Hmm. I'm not an expert, but some of this seems definitely not to be accurate. Some of the "Bullshit" turns out perhaps to be quite important.
Take the statement:
> Markov Chain is essentially a fancy name for a random walk on a graph
Is that really true? I definitely don't think so. To my understanding, a Markov process is a stochastic process that has the additional (aka "Markov") property that it is "memoryless". That is, to estimate the next state you only need to know the state now, not any of the history. It becomes a Markov chain if it is a discrete, rather than continuous process.
There are lots of random walks on graphs that satisfy this definition. Like say you have a graph and you just specify the end points and say "walk 5 nodes at random from this starting node, what is the expectation that you end up at a specific end node". This could be a Markov process. At any point to estimate the state you only need to know the state now.
But lots of random walks on graphs do not have the Markov property. For example, say I did the exact same thing as the previous example, so I have a random graph and a start and target node and I say "Walk n nodes at random from the starting node. What's the expectation that at some point you visit the target node". Now I have introduced a dependency on the history and my process is no longer memoryless. It is a discrete stochastic process and it is a random walk on a graph but is not a Markov chain.
An example of a Markov and non-Markov processes in real life is if I have a European option on a stock I only care about what the stock price is at the expiry date. But if I have a barrier option or my option has some knock-in/knock-out/autocallable features then it has a path dependence because I care about whether at any point in its trajectory the price hit the barrier level, not just the price at the end. So the price process for the barrier option is non-Markov.
reply
low_tech_love 2 days ago | parent | next [–]

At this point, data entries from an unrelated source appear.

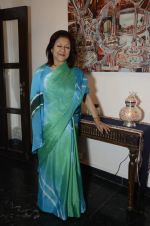 Queen of Jaipur Vidya Ji at Hacienda art gallery to launch silver exhibition in Kalaghoda, Mumbai on 16th Jan 2013 (34).JPG
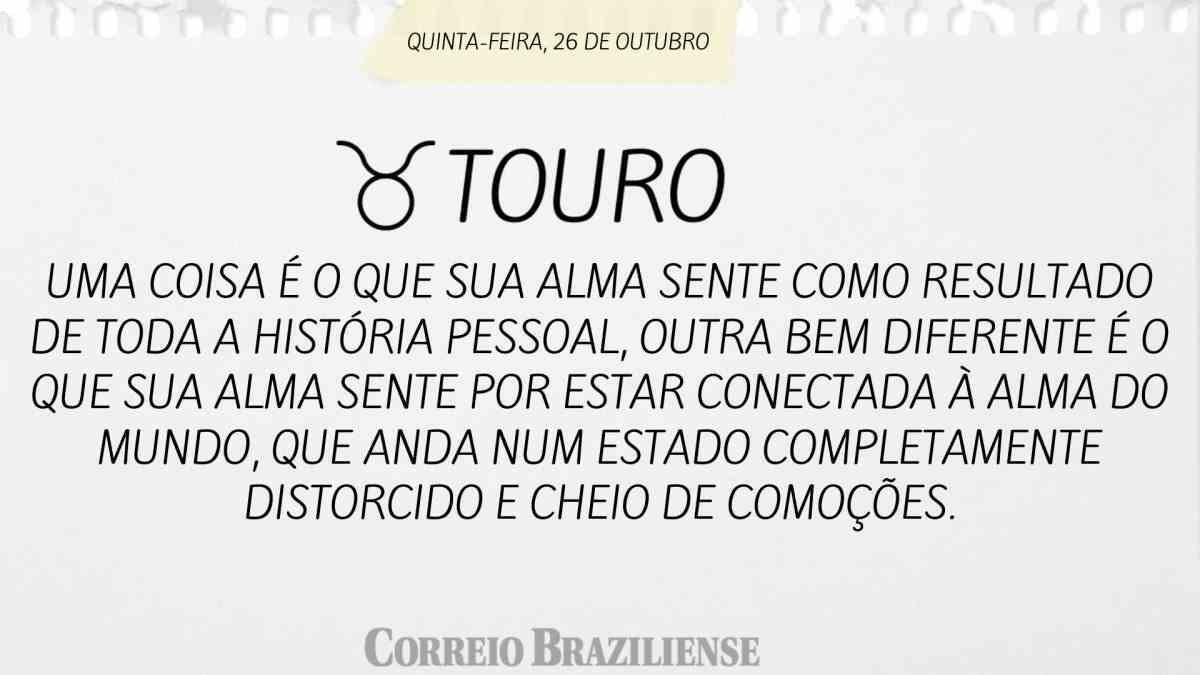 TOURO  | 26 DE OUTUBRO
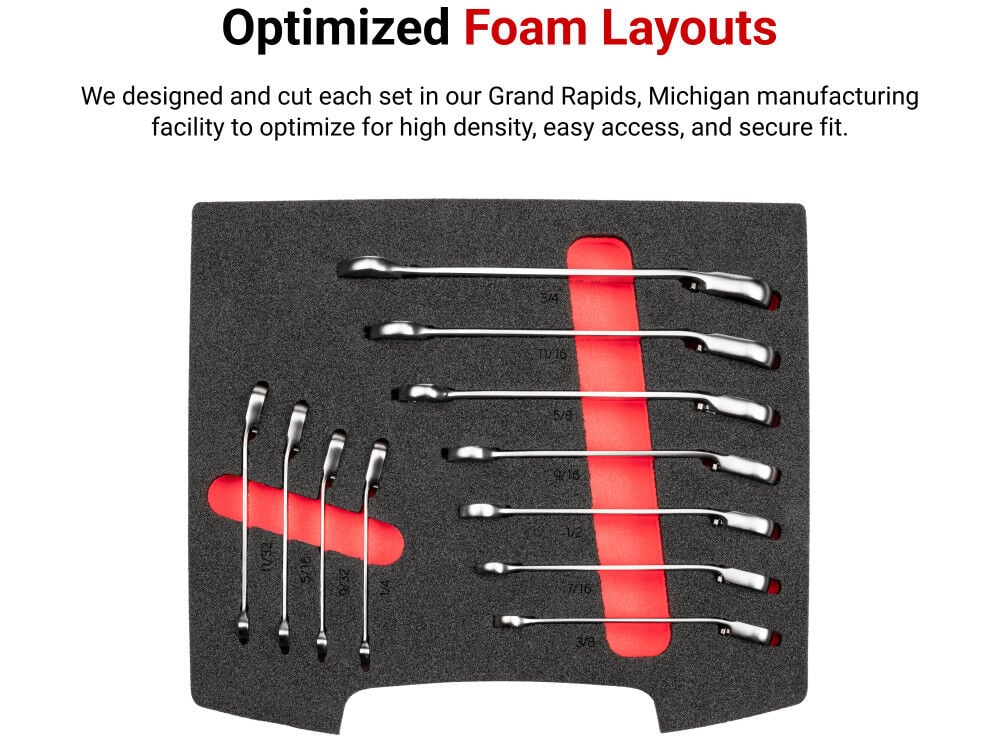 Tekton Ratcheting Combination Wrench Set, Drawer, 11 Piece 1/43/4 Inch, large image number 5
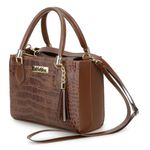 Bolsa Feminina Croco Caramelo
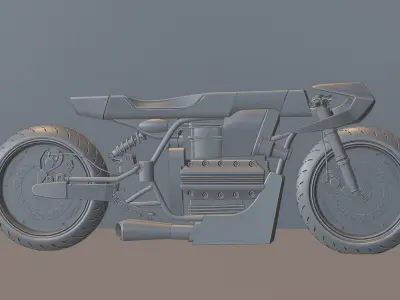 Cafe racer concept 3D model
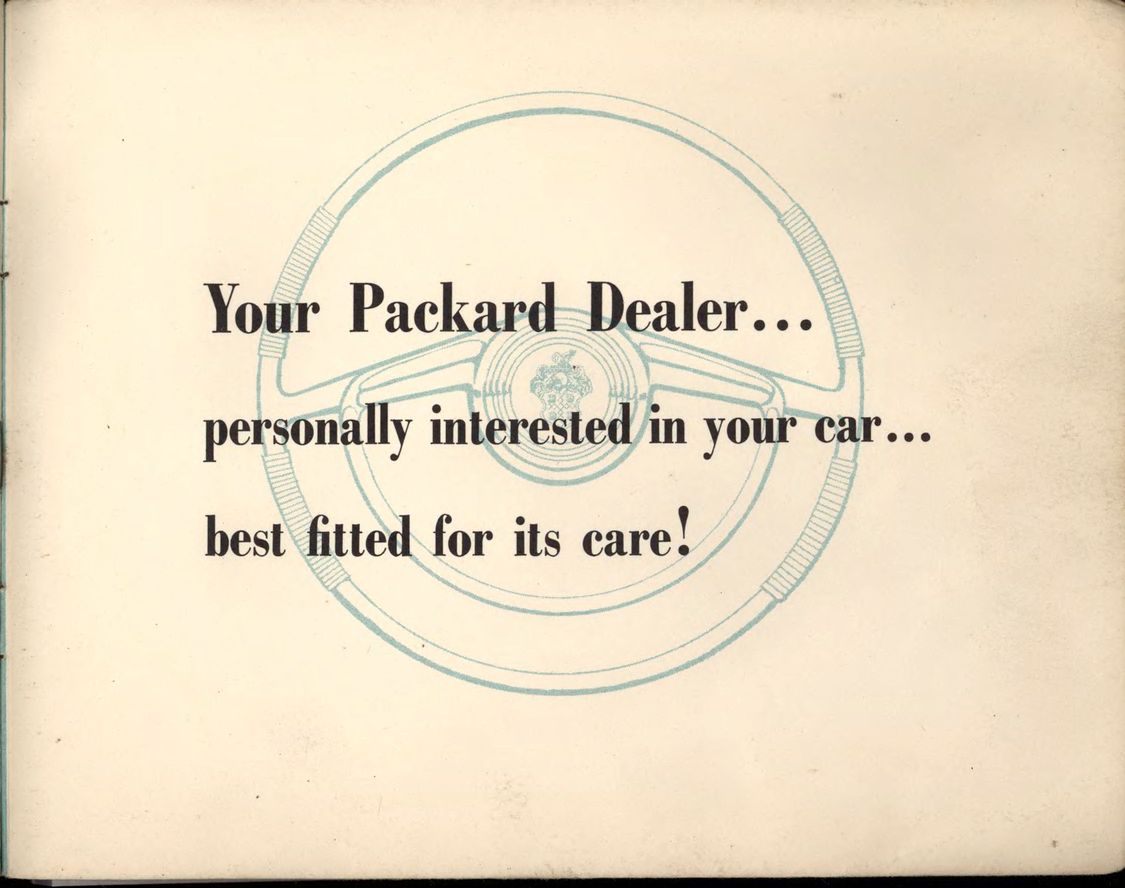 1956 Packard Owners Manual Page 27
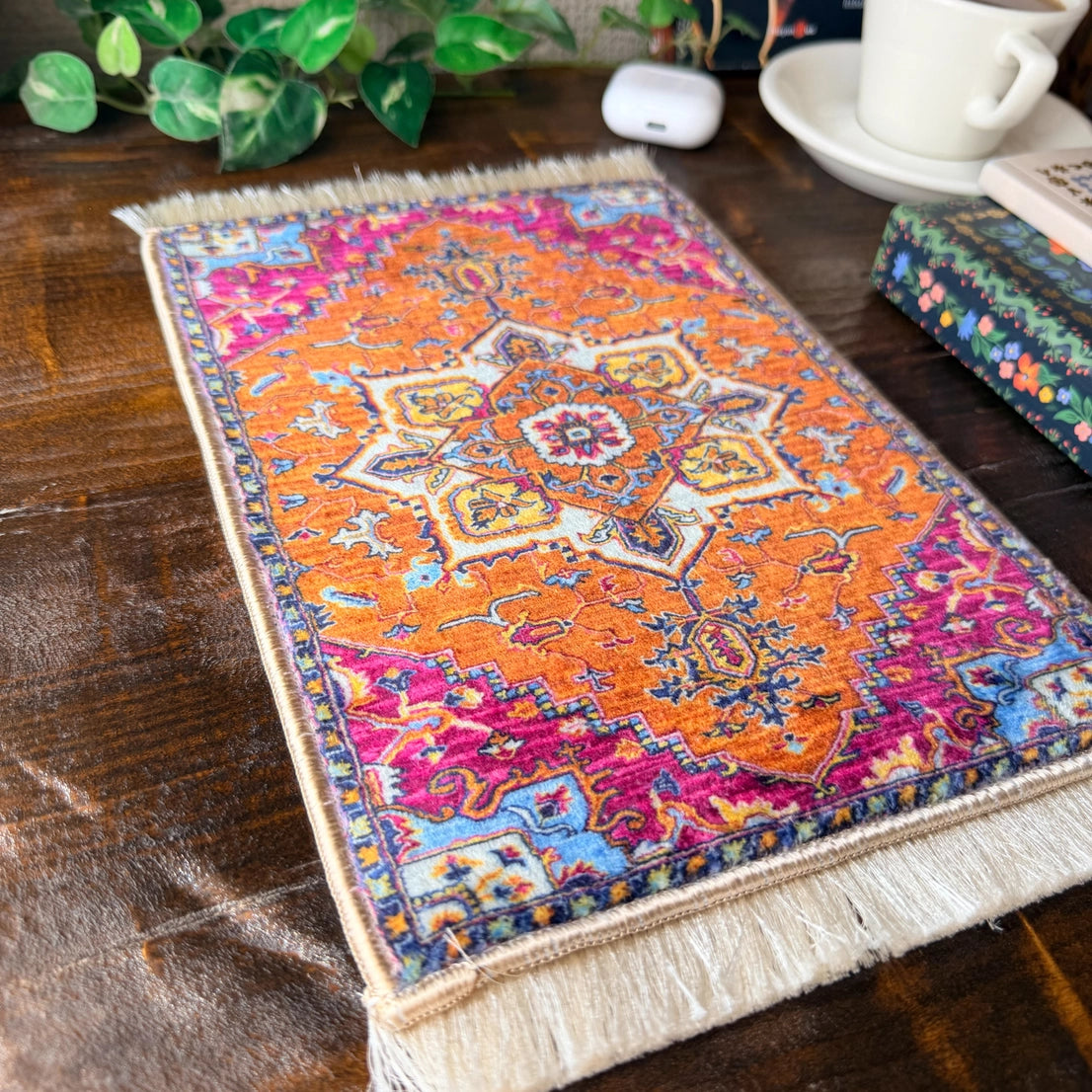 Mini Turkish Rug | Persian Rug Mousepad | Office Decor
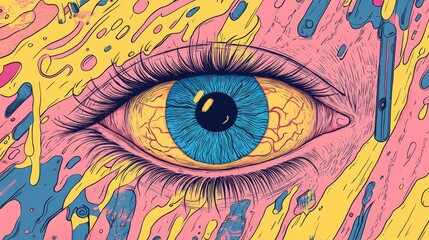 Close Up of a Blue Human Eye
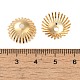 Латунные колпачки бисера KK-O100-15G-3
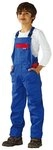 Planam Latzhose Kinderlatzhose 100% Baumwolle 291 g/qm Gr&ouml;&szlig;e 122 / 128 kornblau /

I won’t pretend to know the technical details (as the other replies do) but I want to make a point for the “pedagogical” effect here, which I agree with the author. The way I interpret the article, it’s not supposed to be a deep, theoretical treatise on the subject; more of an introductory, “intuitive” take on it. This works for those who need to either learn the concept to begin with, or refresh their memories if they don’t work with it every day. I think it’s a given that any intuitive take on a mathematical concept will always oversimplify things, with the underlying assumption that, if you actually need to know more, you’re going to have to dive deeper somewhere else. The most important thing I think is to help the reader build a rough conceptual understanding of the concept such that they can reason about it, instead of simply memorizing the terms.